Due to work and just everyday life, it was a full year before I saw my mother again. My son was right, we got off the plane in Toronto and drove straight to Niagara Falls to be with mom. She walked into the room and I could see it in her eyes, she had no idea who I was, no idea who my children were or who my husband was. The actress part came out of her again, she did her best to try and please everyone and pretend she knew who we were, but everyone in that room knew that mom had no bloody clue who we were. It was a weird two weeks, no connection to mom at all. I tried, we all tried, we saw her every moment we could and it was like I was sitting with the woman down the street, the woman I hardly knew.

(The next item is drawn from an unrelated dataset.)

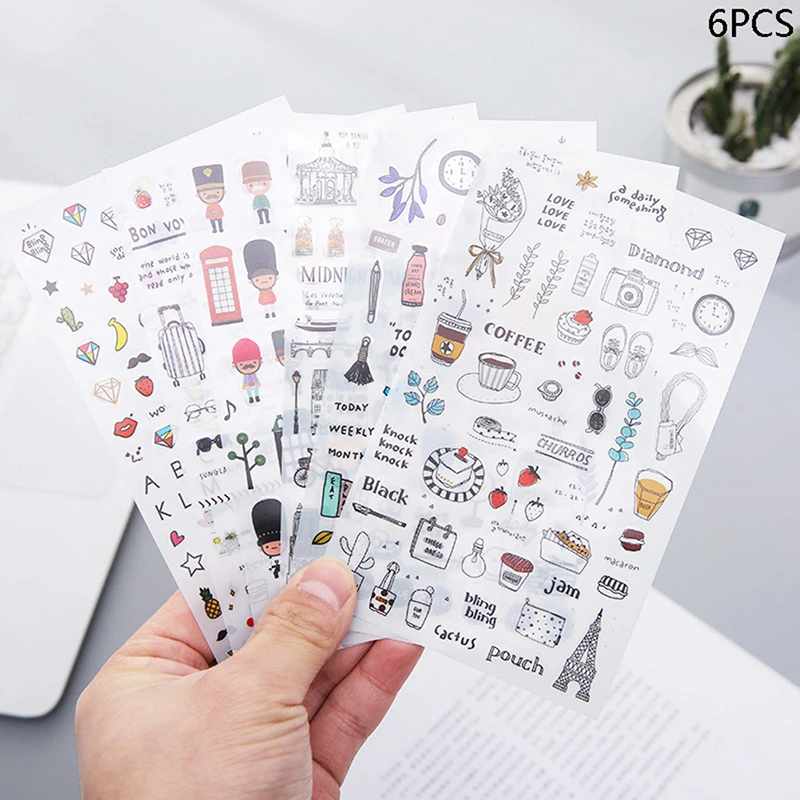 

6 Sheets Fresh Watercolor Cartoon Stickers Pvc Travel Diary DIY Journal Photo Scrapbook Decoration Stickers Stationery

The day I left Niagara Falls, I drove by myself to the home where my mother was living. It was just the two of us, I left the children and my husband at my brother’s house, I wanted the time alone. Three hours and both my mother and I hardly said a word to each other. We just sat outside in the garden just being together, the connection once again lost, lost a long time ago. On the flight home I was trying to remember the mother that I once had, the laughter the arguments all the connections that I had with mom, but I couldn’t get the Alzheimer’s mom out of my head, the woman who didn’t know her daughters, her sons, her grandchildren, once again the connection was gone.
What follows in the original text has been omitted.